I'm not sure if this falls into one of the 3 ways you mentioned. But so
far it seems to solve our problem.
Very cool!
On my side, I have some funding to implement this feature (as described
in the OP) in Enketo Express this month. I consider this the first phase
that would not be performance optimized yet. The second phase would be
performance optimization, e.g. by storing the data in a browser storage
solution and convert XPath queries to query this db. For the latter I have
no funding.
There are no plans to include the additional 2 itemset creation methods
(also no interest in a PR for this as it would make the form format and
form engine needlessly complex). Also no plans to add support in Enketo
Legacy.
What feature are you referring to?
(a) The new CommCare-derived feature as proposed in the OP,
(b) the "SurveyCTO way" of creating itemsets from external csv data, or
(c) the "Nafundi way" of creating itemsets from external csv data?
Cheers,
Martijn
On Friday, February 6, 2015 at 8:18:21 AM UTC-7, Trung wrote:
Hi Martijn,
We intend to develop this external data feature for the web form
(enketo). Can you guide us how and where to start, or we can collaborate in
developing as well.
Many thanks,
Trung.
On Thursday, September 18, 2014 at 9:44:14 PM UTC+7, Martijn van de Rijdt wrote:
Thanks Mitch,
I understand. Hopefully that can be sorted out eventually as I am
worried about the future of the ODK XForm format due the amount of
technical debt that seems to only be increasing - it is after all the core
we all revolve around. I believe Dimagi's branch has full XPath predicate
support as well and does some kind of static analysis of XPath search
queries to address performance of itemsets (though the latter may not be in
JavaRosa - not sure).
When it's time to add external data support to Enketo, I'll have to go
for the third solution, probably as proposed above with a different XLSForm
syntax. As mentioned, on the XForm side this is basically nothing more than
introducing the src attribute on a secondary instance. The potential of
external data is rather promising for users, especially for a web-based
application like Enketo where you could potentially pass custom data
sources to a URL. Therefore, I'll have to make sure it's completely solid
from the beginning and doesn't involve ending up with three completely
different ways to create itemsets.
Cheers,
Martijn
On Wednesday, September 17, 2014 11:25:05 AM UTC-6, Mitch wrote:
Short answer: NO
This is touching the very inner workings of the XPath expression
evaluation code. That is very delicate code. Rather than modifying
Javarosa, it would likely be better to start with a fully validated, fully
tested, fully vetted XPath expression evaluator, and then add hooks to that
to get behaviors that replicate the functionality of javarosa -- i.e.,
scrap the entire JR codebase.
I say this because there are two implementations of that innermost
section of Java code, one that Dimagi uses, and an earlier branch that ODK
uses.
Last time I tried to merge up to the Dimagi branch, I had to back out
the changes because they altered the outcomes of the random forms I was
testing against.
I don't know which codebase is correct, or perhaps both are broken?
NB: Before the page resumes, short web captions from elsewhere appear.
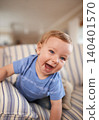 Playing, laughing or portrait of baby in sofa or home for fun, growth or learning alone in living room. Happy, boy or face of a playful male kid on couch for child development or crawling in a house 140401570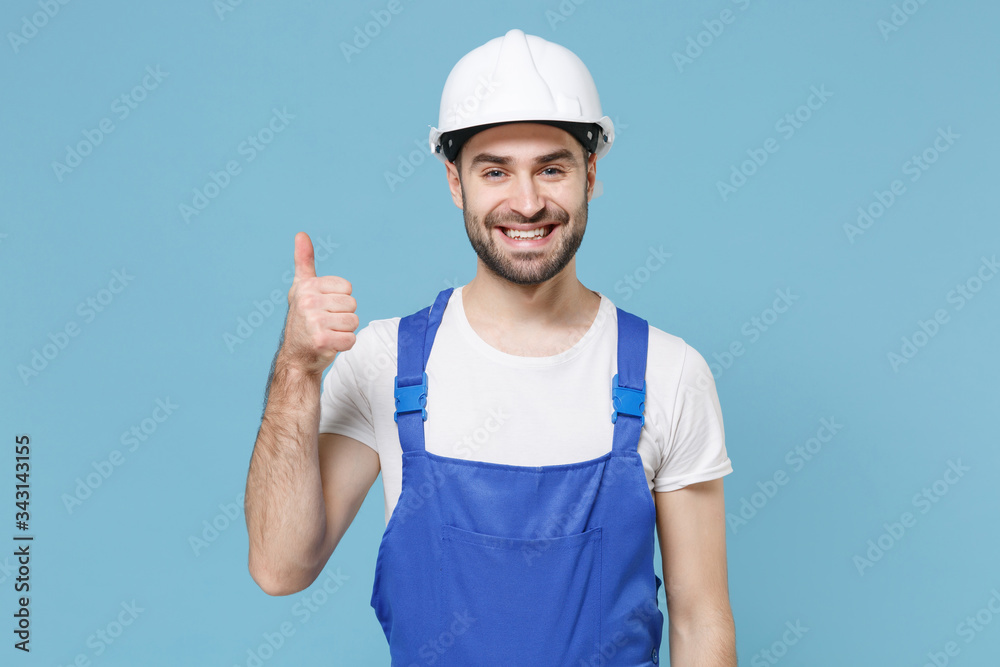 Smiling young man in coveralls protective helmet hardhat isolated on blue wall background studio portrait. Instruments accessories for renovation apartment room. Repair home concept. Showing thumb up.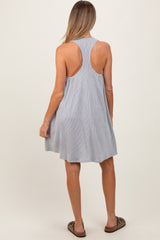 woman wearing a light gray striped sleeveless maternity dress with a relaxed fit, seen from the back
The only way we could move forward is to expend a lot of effort setting
up automated tests to confirm the current behavior of the system.
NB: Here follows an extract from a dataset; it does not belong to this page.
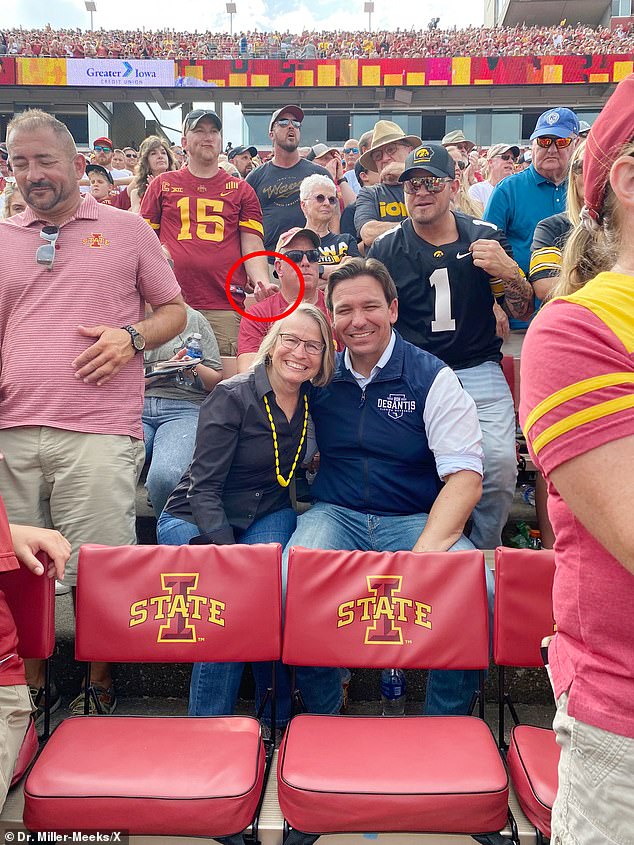 DeSantis was seen shaking hands and taking selfies with voters during the game, with one cheeky fan taking the opportunity to flip him the bird in the background of a photo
Once we have those tests in place, then you could make dramatic internal
changes with some assurance that they do not affect outcomes.
Mitch
On Tue, Sep 16, 2014 at 9:59 AM, Martijn van de Rijdt <mar...@enketo.org wrote:
Thanks for this Carl. I think I understand now and I don't envy you for
having to make these maneuvers to avoid touching JavaRosa.
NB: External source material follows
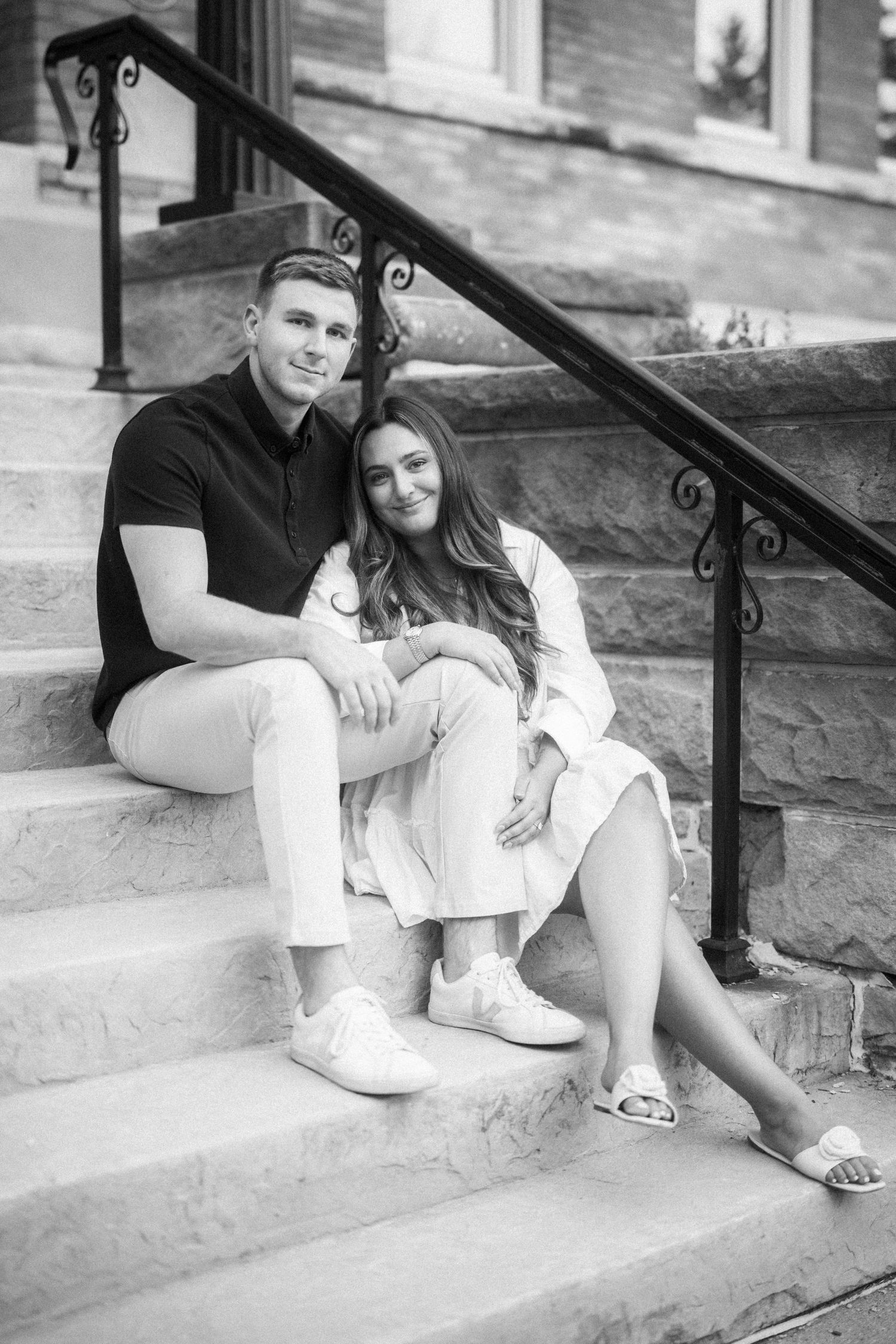 A couple sits close together on stone steps with decorative iron railings in a black and white portrait.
If you (Nafundi, ODK, SurveyCTO) are interested in doing fast itemsets /
external data using a clean XForm syntax instead, what would it take on the
JavaRosa side? Would an external contribution to make select a select1
'open', be welcomed and be sufficient? Anything else?
Martijn
On Monday, September 15, 2014 9:59:45 AM UTC-6, Christopher Robert wrote:
Hi all,
And the SurveyCTO-contributed "dynamic search-and-select" feature acts
as a kind of hybrid. It loads a dynamic list into memory so that JavaRosa
will respect it. But it only loads a filtered subset of the on-desk DB into
JavaRosa for all of the performance reasons already discussed. If you end
up with a extremely long list presented to the user, it will still slow
down (and eat loads of memory), unlike the Nafundi-contributed "fast
itemset" implementation.
Best,
Chris
On Mon, Sep 15, 2014 at 11:48 AM, chartung char...@nafundi.com wrote:
Hey Martijn,
You're close, but the external vs. regular itemsets is more like this:
if select(1) with itemset
let javarosa figure out what to display, then display Collect's
select1 widget with data from javarosa
else if input with type==text and query attribute
don't let javarosa do anything. Display an external-Itemset widget in
Collect, handle all of the db lookups, etc... and only use javarosa to save
the selected answer to the data model in memory.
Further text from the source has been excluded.